-- EXERCISE GOAL --
Copy exactly the lines from the line holding "Whirlpool Dryer Cabinet Tops W11641121" through the end of the material, and no others; pictures stay out.
*** SUPPLIED DATA ***
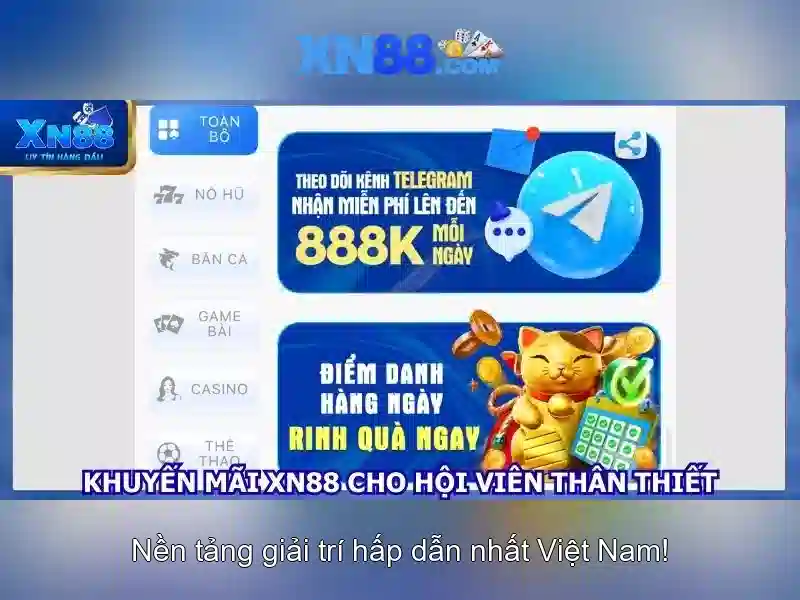 💎ovo casino slots💎 💎ovo casino slots💎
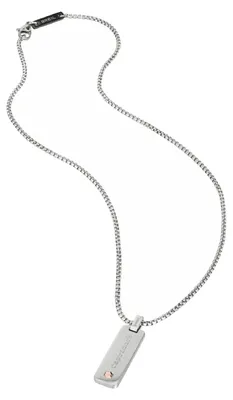 Immagine prodotto di BREIL JEWELS Collane TJ2315
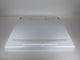 Whirlpool Dryer Cabinet Tops W11641121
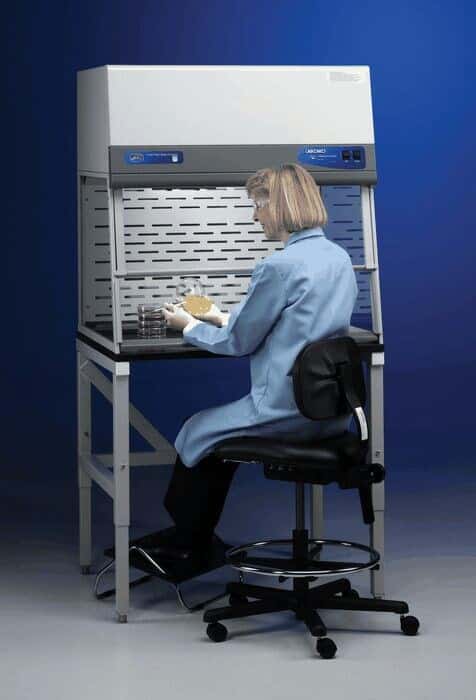 Labconco # 3980303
*** End of SUPPLIED DATA ***
-- COMPLETED EXERCISE --
 Whirlpool Dryer Cabinet Tops W11641121
 Labconco # 3980303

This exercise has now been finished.